Action item:
The full data, repeated exactly, is the only answer needed.

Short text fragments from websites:
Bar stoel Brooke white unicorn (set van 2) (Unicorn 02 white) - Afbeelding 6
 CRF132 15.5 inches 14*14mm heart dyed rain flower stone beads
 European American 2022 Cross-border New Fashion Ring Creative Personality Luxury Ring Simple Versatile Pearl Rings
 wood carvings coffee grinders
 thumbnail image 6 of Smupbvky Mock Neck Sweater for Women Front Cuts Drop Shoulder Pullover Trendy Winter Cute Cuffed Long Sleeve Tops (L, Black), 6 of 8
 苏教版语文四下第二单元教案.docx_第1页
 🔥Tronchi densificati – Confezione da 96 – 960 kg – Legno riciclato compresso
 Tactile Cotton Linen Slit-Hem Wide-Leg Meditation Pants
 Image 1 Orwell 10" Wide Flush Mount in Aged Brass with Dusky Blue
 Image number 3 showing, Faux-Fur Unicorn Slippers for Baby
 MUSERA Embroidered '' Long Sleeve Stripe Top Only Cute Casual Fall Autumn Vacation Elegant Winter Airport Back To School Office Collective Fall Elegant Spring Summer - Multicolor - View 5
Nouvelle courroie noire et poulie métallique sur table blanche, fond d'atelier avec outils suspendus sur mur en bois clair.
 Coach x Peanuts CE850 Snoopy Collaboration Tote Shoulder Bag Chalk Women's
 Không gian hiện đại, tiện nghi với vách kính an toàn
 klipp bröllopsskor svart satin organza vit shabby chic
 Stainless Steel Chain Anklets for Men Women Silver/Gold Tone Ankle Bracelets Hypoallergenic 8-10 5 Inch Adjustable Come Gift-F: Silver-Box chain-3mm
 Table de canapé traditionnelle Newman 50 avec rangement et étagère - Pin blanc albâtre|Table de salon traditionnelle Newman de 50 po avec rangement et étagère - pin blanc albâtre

Output for this exercise:
Bar stoel Brooke white unicorn (set van 2) (Unicorn 02 white) - Afbeelding 6
 CRF132 15.5 inches 14*14mm heart dyed rain flower stone beads
 European American 2022 Cross-border New Fashion Ring Creative Personality Luxury Ring Simple Versatile Pearl Rings
 wood carvings coffee grinders
 thumbnail image 6 of Smupbvky Mock Neck Sweater for Women Front Cuts Drop Shoulder Pullover Trendy Winter Cute Cuffed Long Sleeve Tops (L, Black), 6 of 8
 苏教版语文四下第二单元教案.docx_第1页
 🔥Tronchi densificati – Confezione da 96 – 960 kg – Legno riciclato compresso
 Tactile Cotton Linen Slit-Hem Wide-Leg Meditation Pants
 Image 1 Orwell 10" Wide Flush Mount in Aged Brass with Dusky Blue
 Image number 3 showing, Faux-Fur Unicorn Slippers for Baby
 MUSERA Embroidered '' Long Sleeve Stripe Top Only Cute Casual Fall Autumn Vacation Elegant Winter Airport Back To School Office Collective Fall Elegant Spring Summer - Multicolor - View 5
Nouvelle courroie noire et poulie métallique sur table blanche, fond d'atelier avec outils suspendus sur mur en bois clair.
 Coach x Peanuts CE850 Snoopy Collaboration Tote Shoulder Bag Chalk Women's
 Không gian hiện đại, tiện nghi với vách kính an toàn
 klipp bröllopsskor svart satin organza vit shabby chic
 Stainless Steel Chain Anklets for Men Women Silver/Gold Tone Ankle Bracelets Hypoallergenic 8-10 5 Inch Adjustable Come Gift-F: Silver-Box chain-3mm
 Table de canapé traditionnelle Newman 50 avec rangement et étagère - Pin blanc albâtre|Table de salon traditionnelle Newman de 50 po avec rangement et étagère - pin blanc albâtre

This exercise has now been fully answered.